Segment Start: Available records

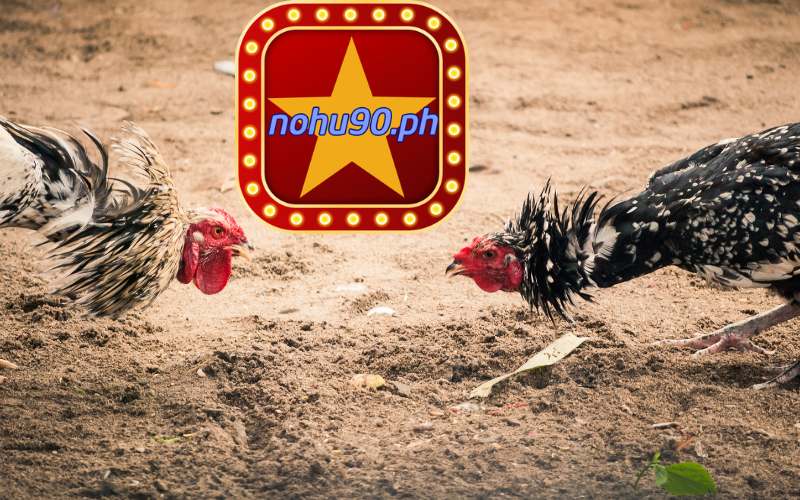 nohu90 Trực Tiếp Đá Gà Casino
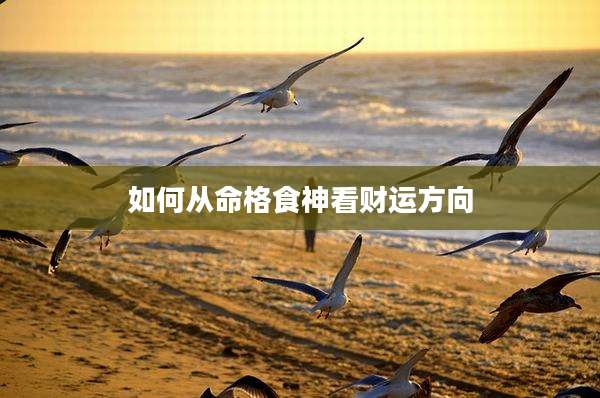 如何从命格食神看财运方向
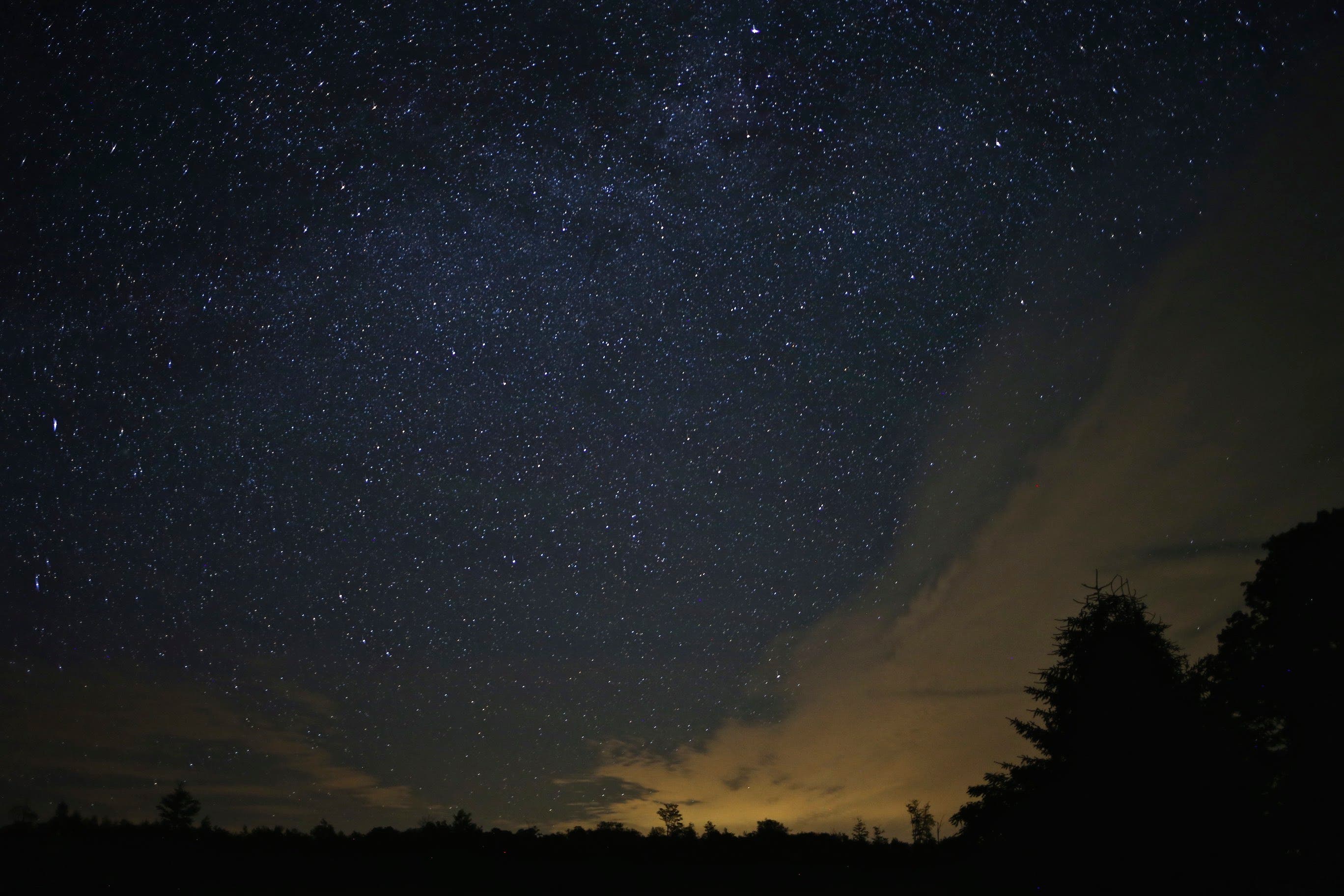 Sebestyen_Tioga_IMG_6732 None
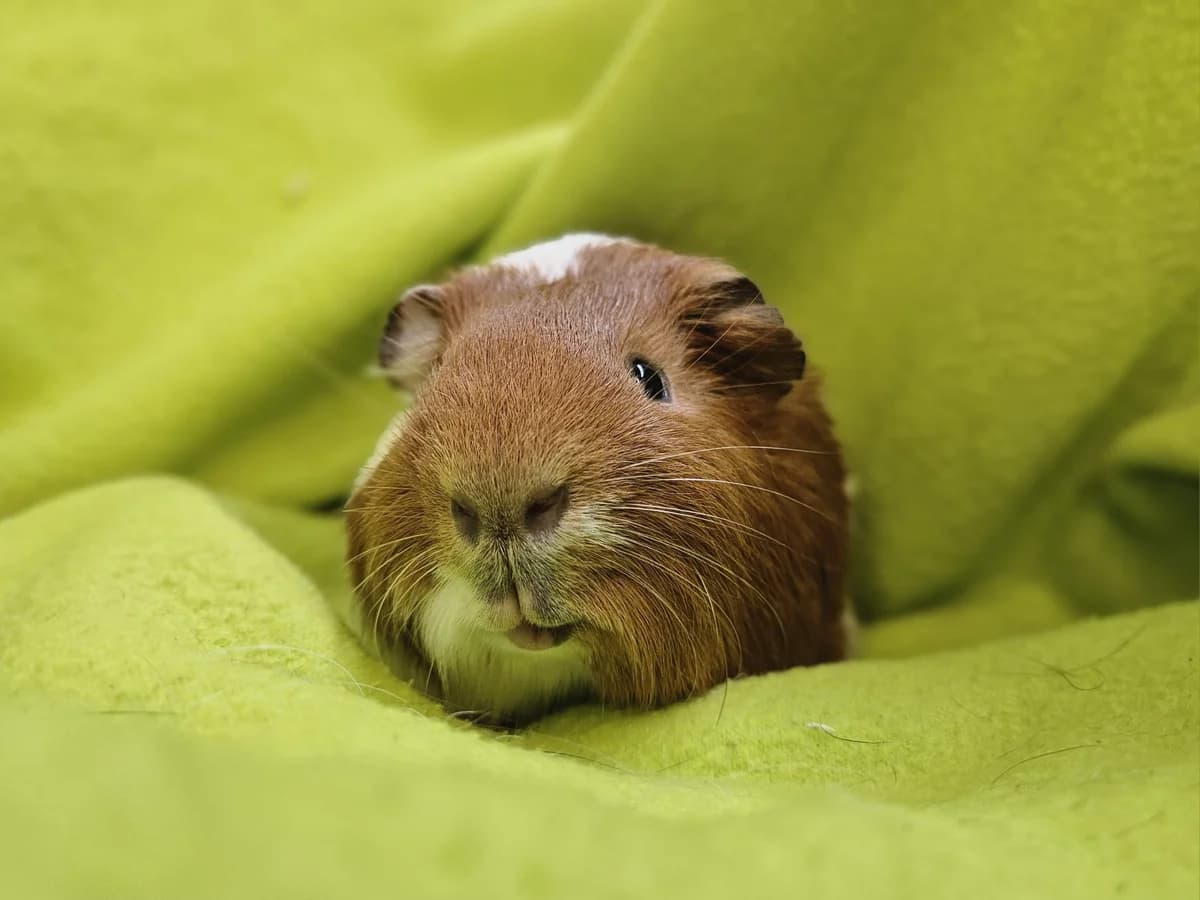 Beer, male Mixed Breed for adoption at Stichting Cavia, Netherlands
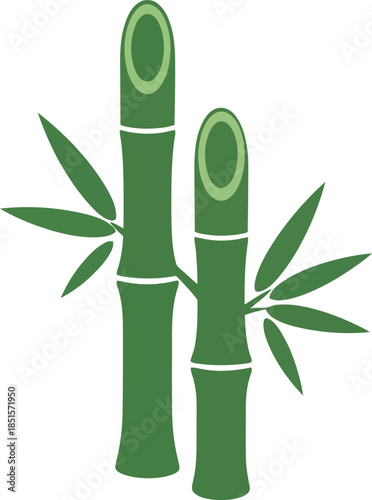 Vector illustration of bamboo stalks with leaves on a white background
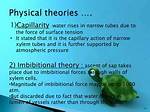 What Is Imbibitional Pressure?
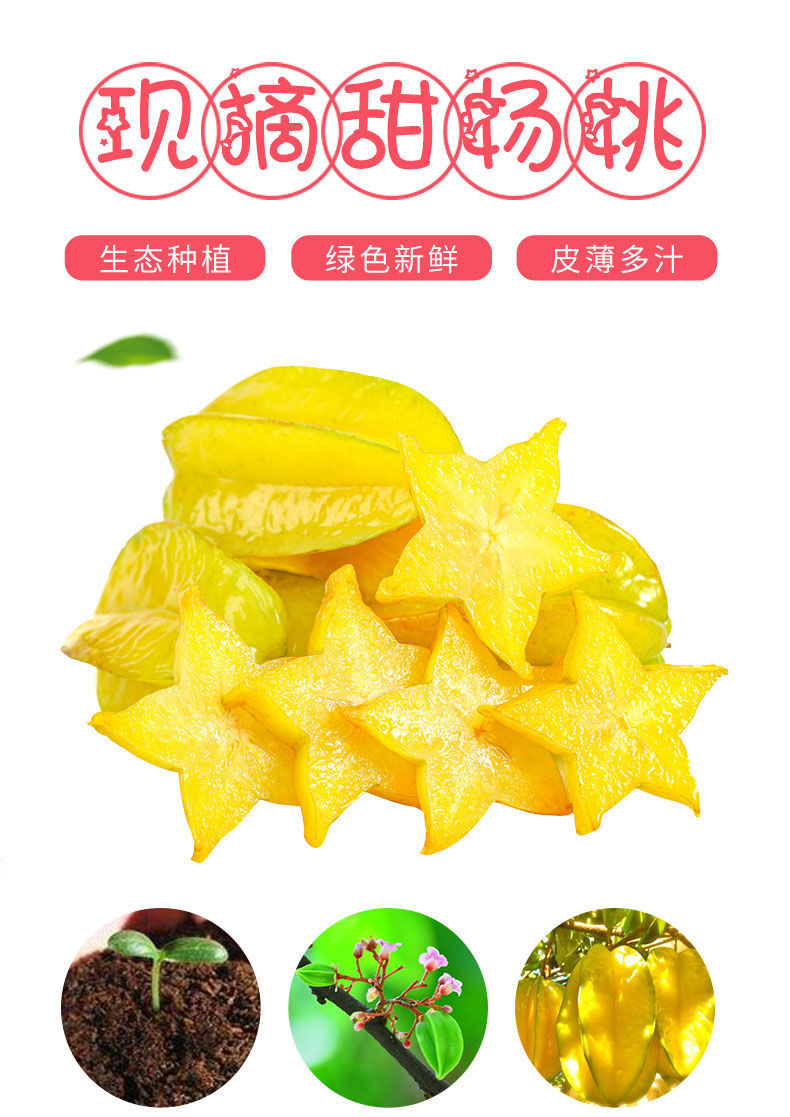 精选直发当季广东增城大杨桃新鲜清甜多汁孕妇水果热带南方水果整箱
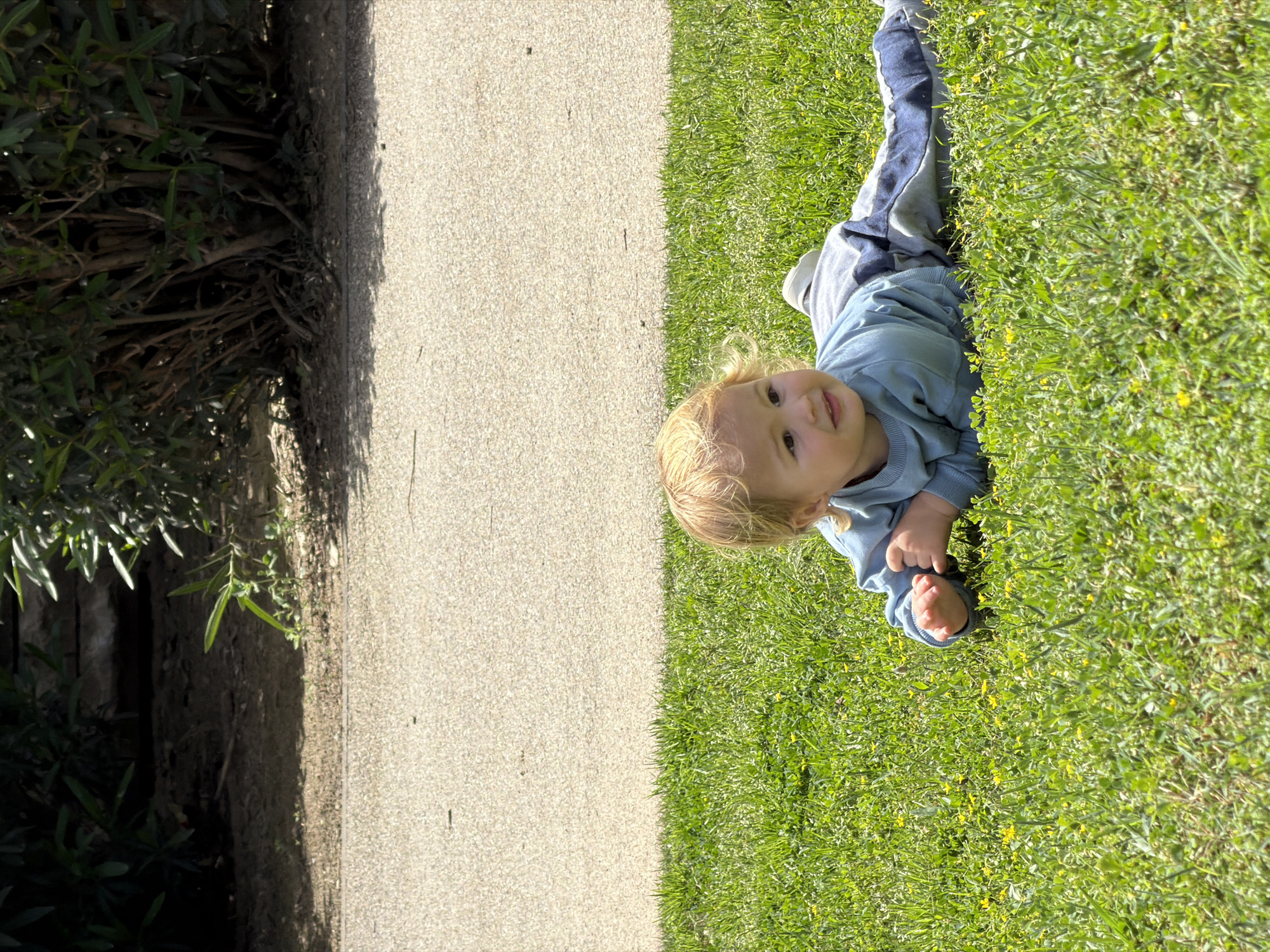 A toddler lies on the grass next to a sidewalk in Kiryat Bialik, Israel. The toddler wears a light blue long-sleeved shirt and blue and gray pants. The grass is green with small yellow flowers. The sidewalk is light gray concrete. A bush or hedge grows on the opposite side of the sidewalk.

Segment End: Available records

Assignment = The answer must be the lines above, word for word, from the first one through the line with "精选直发当季广东增城大杨桃新鲜清甜多汁孕妇水果热带南方水果整箱", pictures excluded.

Task result =
 nohu90 Trực Tiếp Đá Gà Casino
 如何从命格食神看财运方向
 Sebestyen_Tioga_IMG_6732 None
 Beer, male Mixed Breed for adoption at Stichting Cavia, Netherlands
 Vector illustration of bamboo stalks with leaves on a white background
 What Is Imbibitional Pressure?
 精选直发当季广东增城大杨桃新鲜清甜多汁孕妇水果热带南方水果整箱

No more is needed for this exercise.